Stephanie Paulsell of the Harvard School of Divinity will be the 19th speaker of the Laws Peacemaking Lecture series when she presents “Healthy Communities: An Issue For People of Faith” at First Presbyterian Church next week.

The Rev. Robert Craig, head pastor at First Presbyterian, said this year’s lecture is co-sponsored by the Healthy Communities Initiative and Interfaith Forum of Columbus in an effort to make the programming accessible and welcoming to a larger section of the community.

“Our church has the dollars to bring these great speakers here, but what good is it if only a few people hear them?” Craig said.

The Healthy Communities Initiative was formed in 1994 with a goal of improving Columbus residents’ health through a variety of programs targeting smoking, domestic violence and obesity among other public health concerns. Interfaith Forum of Columbus was founded in 2001 as a means of promoting interfaith dialogue in Columbus.

Craig, who sits on the Healthy Communities board, said the partnership was a natural fit.

“Health has spiritual aspects, and we want to remind people of faith that supporting a healthy community is part of their faith journey,” Craig said.

Paulsell, whose father, William O. Paulsell, was a pastor at North Christian Chuch in the 1990s, said it was this multilayered partnership that initially drew her to the lecture.

“The issue of a healthy community is a social issue, a political issue, but it’s also a spiritual one,” she said.

Paulsell is author of “Honoring the Body: Meditations on a Christian Practice,” which used insight from the Christian faith to encourage expression and acceptance of the human body while remaining mindful of its vulnerabilities.

She said that while her book is written from a Christian viewpoint, her lecture will use wisdom she has gained from her studies in Buddhism, Islam and Judaism, as well as Christianity. For example, she pointed out that several religions share the conviction that man was created in God’s image, and that by honoring and respecting one’s body, God is honored by extension. Similarly, most religions value peaceful communities.

“We don’t just want to learn about other religions,” Paulsell said. “We want to learn from them.”

She said that one of the

issues targeted by Healthy Communities, and one that she will touch on during her lecture, is obesity, not just how we each personally take responsibility for our own nutritional health, but also in terms of food that is available in our communities, and how we learn to eat together, regardless of socioeconomic status.

“Bodies really matter to God,” Paulsell said. “And every body is worthy of blessing and care.”

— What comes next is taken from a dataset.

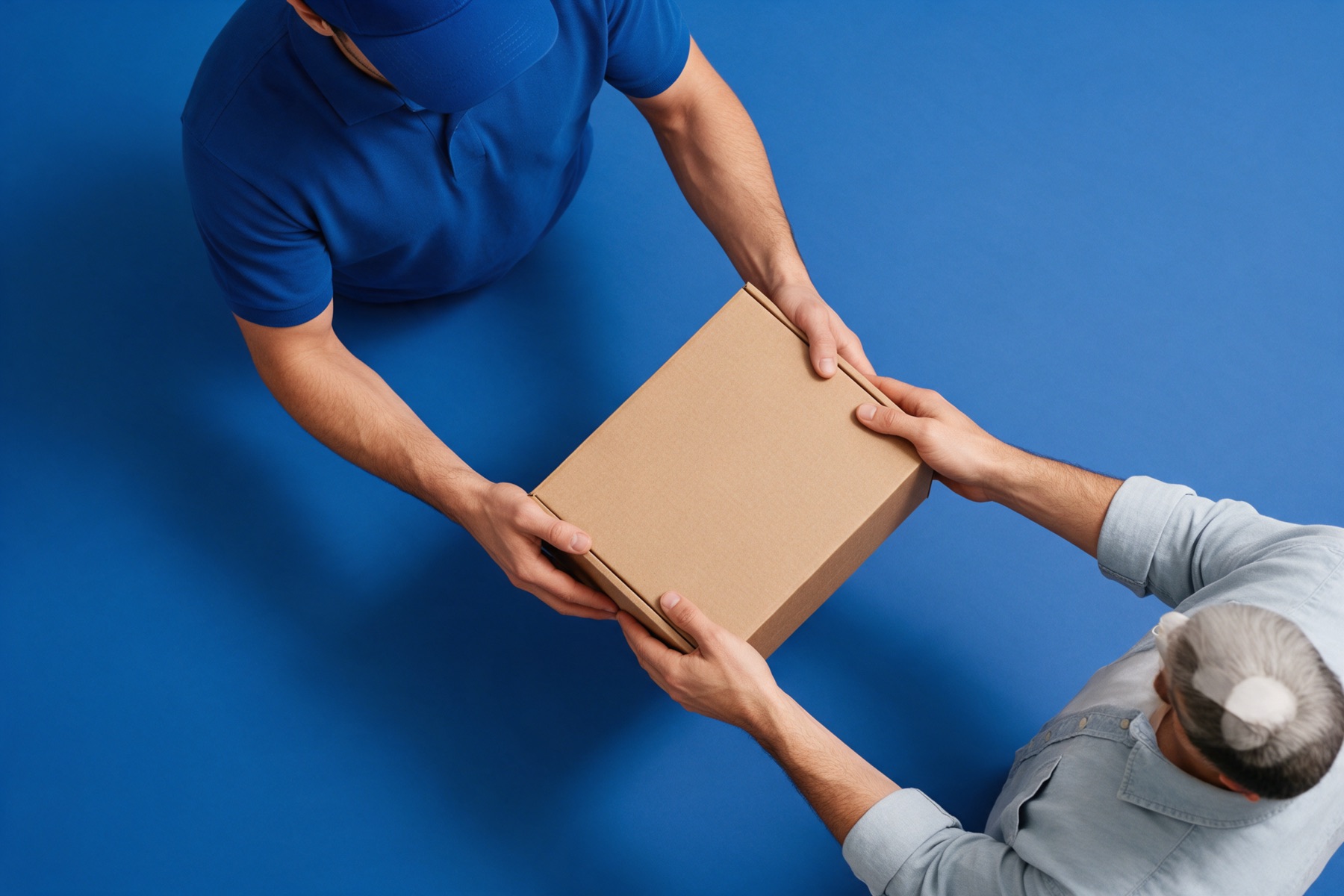 Seen from above, a courier hands a plain kraft mailer box to a small business owner, four hands on the box at the moment of handover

She said while religious people have notions of justice, equality and responsibility to our fellow man that are valuable to discussions about community concerns, they sometimes don’t share them in a spiritual context for fear of offending others.

“We’re often reluctant to bring resources we have to the table,” she said. “But there is so much spiritual wisdom that can teach us about what it means to care for each other.”

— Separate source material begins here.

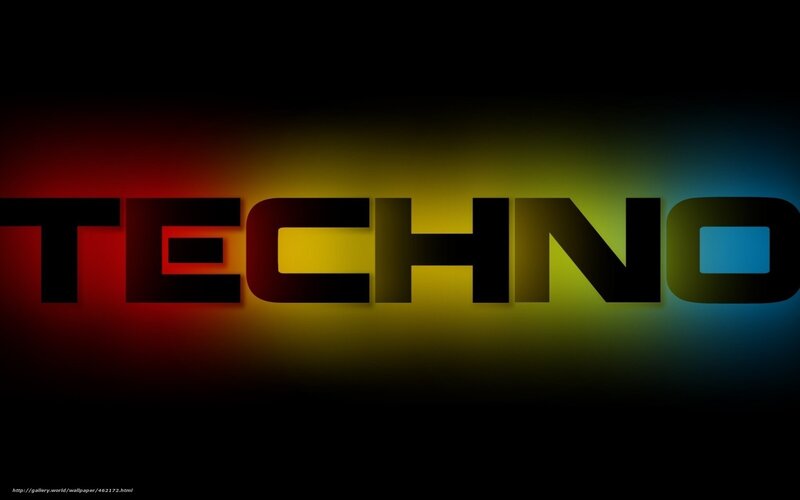 Techno text with gradient background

This year, the Laws Lecture will be accompanied with parallel programming for youth, which is designed to give school-aged children tools for finding peace and connection with their bodies and spirituality.

William Laws, for whom the lecture series is named, was pastor at First Presbyterian Church of Columbus from 1950 to 1976. He was also a civil rights leader and advocate for youth. Upon his death in 1985, friends and family donated money to create the Laws Peacemaking Lecture Series.